Smart manufacturing is a relatively new term that lacks a rigorous definition, he said. If you were to ask 10 people, you might get six definitions. The terminology is evolving, and it will eventually be standardized, but that hasn’t happened yet, he said. 

Smart technologies include machine learning, AI, cloud computing, the use of digital twins and additive manufacturing. These technologies can support sustainability efforts and make manufacturers more efficient and improve manufacturing quality.  

Certain manufacturing sectors have been quicker to adopt smart manufacturing technologies than others. Many traditional manufacturers, including many plastics processors, have been slower to adopt the technologies because they lack familiarity with them and are concerned about costs. 

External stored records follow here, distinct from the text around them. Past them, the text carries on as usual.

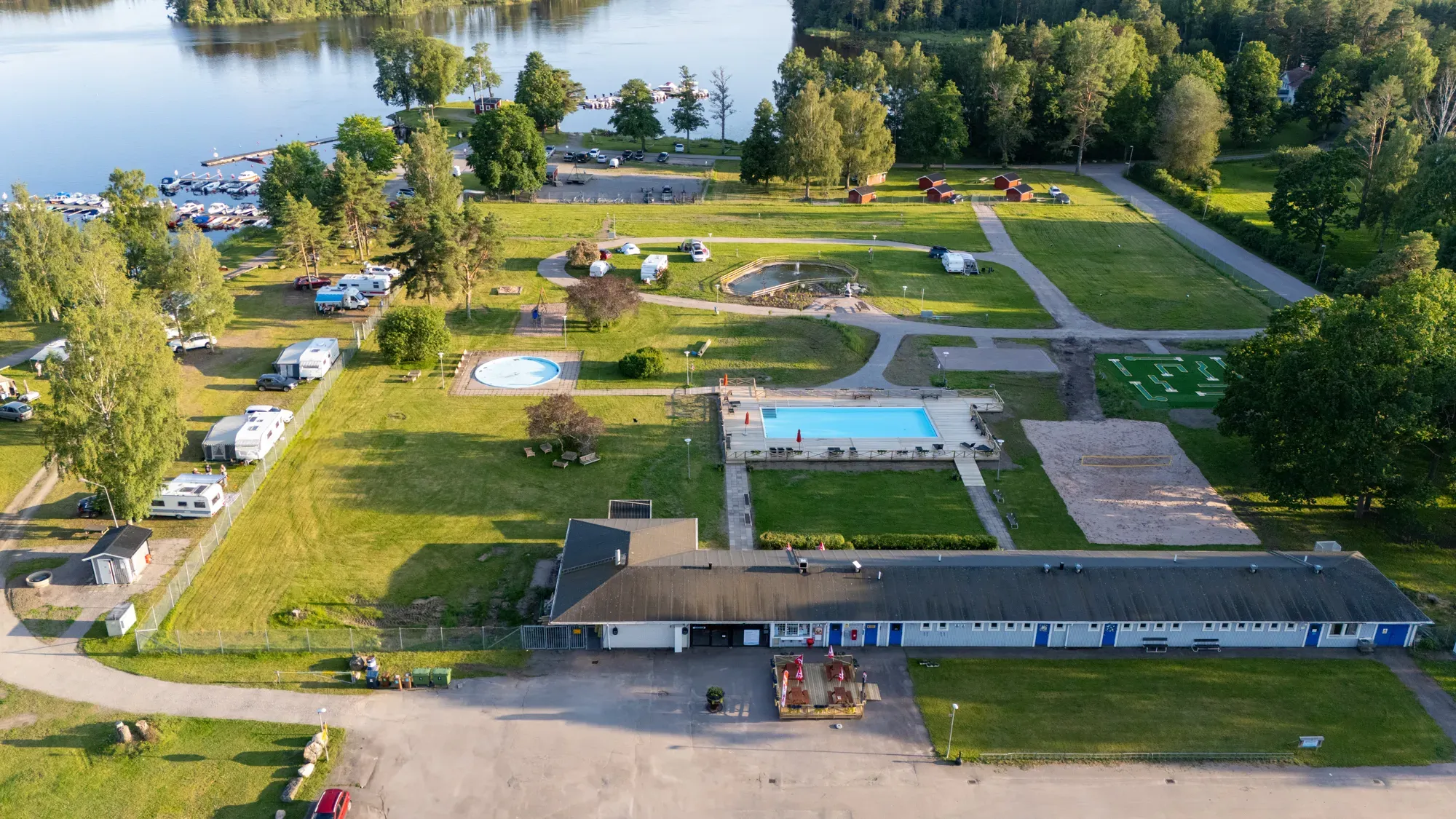 Utomhuspool och aktivitetsområde i grön miljö.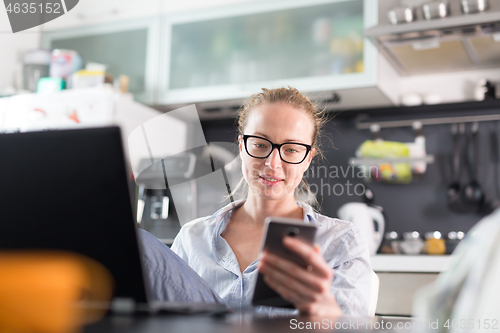 Image of Stay at home and social distancing. Woman in her casual home clothing working remotly from her kitchen dining table in the morning. Video chatting with friend, family or business clients or partners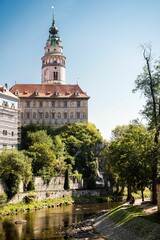 Vertical shot of the Cesky Krumlov Castle Tower by the river in Cesky Krumlov, Czechia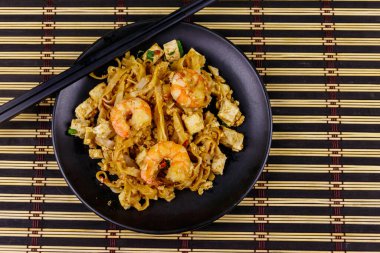 Tayland usulü kızarmış pirinç eriştesi, karides ve bambu hasırında soya peyniri. Üst Manzara. Tayland yemeği.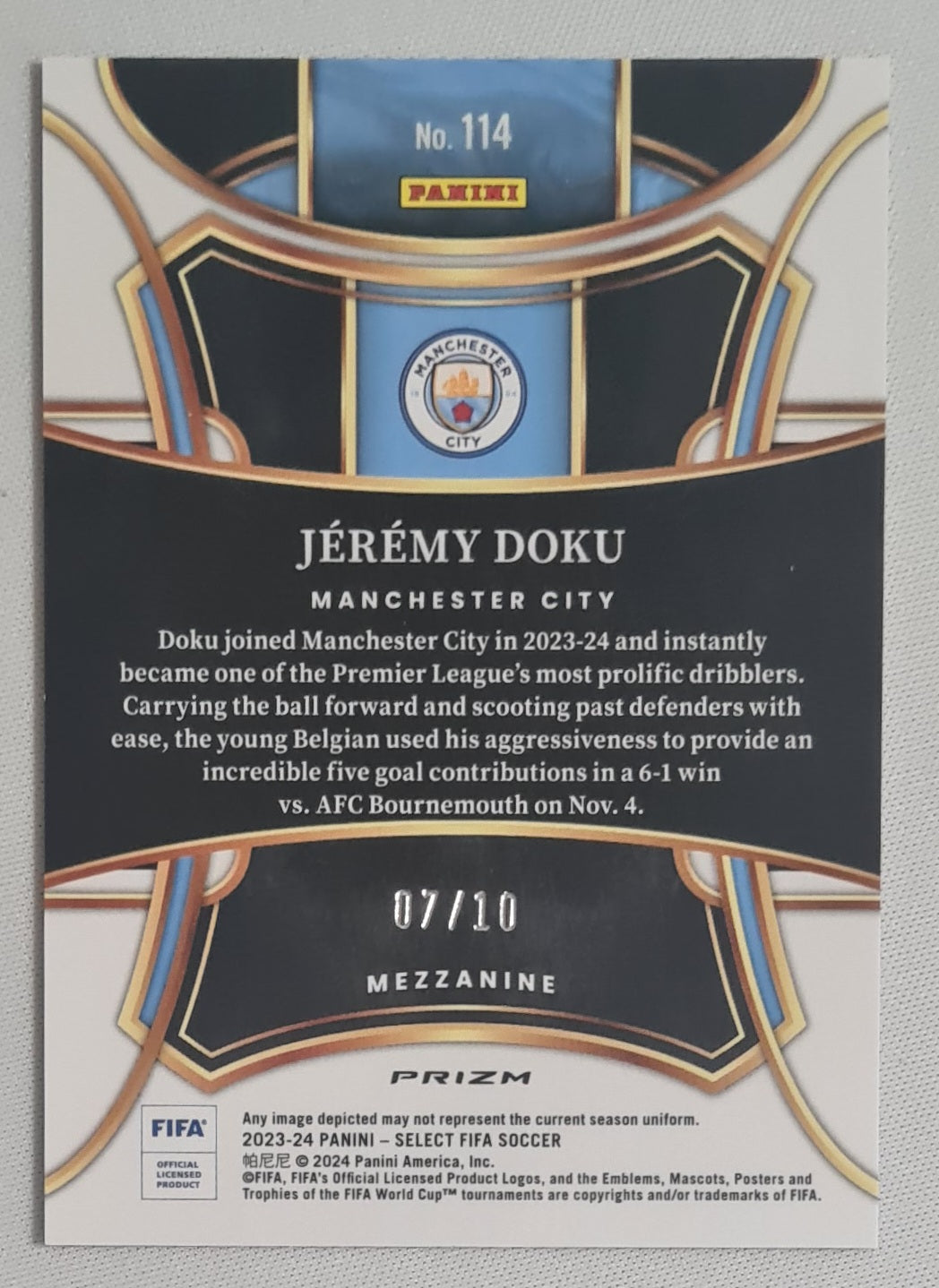 Jeremy Doku - 2023/24 Panini Select FIFA Soccer Prizm Man City #114 Mezzanine Gold Wave/10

“There are manufacturing industries that were born smart, if you will, such as electric vehicle manufacturers,” Elwany said. “These are manufacturing processes that came out in the last decade — electric vehicle manufacturing, additive manufacturing and whatnot. These were born smart.” 

He compared these industries to children born within the past few years who are raised with smartphones versus older generations who had to learn about the technology later in life. 

“Now, there are industries that were not necessarily born smart, such as the automotive industry and the aviation industry, but they were quick to adopt smart technologies because it was straightforward for them to adopt. Then we have industries that are more traditional — casting, plastics, injection molding and the manufacturing industry in general. They were relatively slower than other industries in adopting them, but that is the nature of the thing. They were not born smart, and it was not so straightforward for them to adopt smart technology. So, the adoption happened a little slower.” 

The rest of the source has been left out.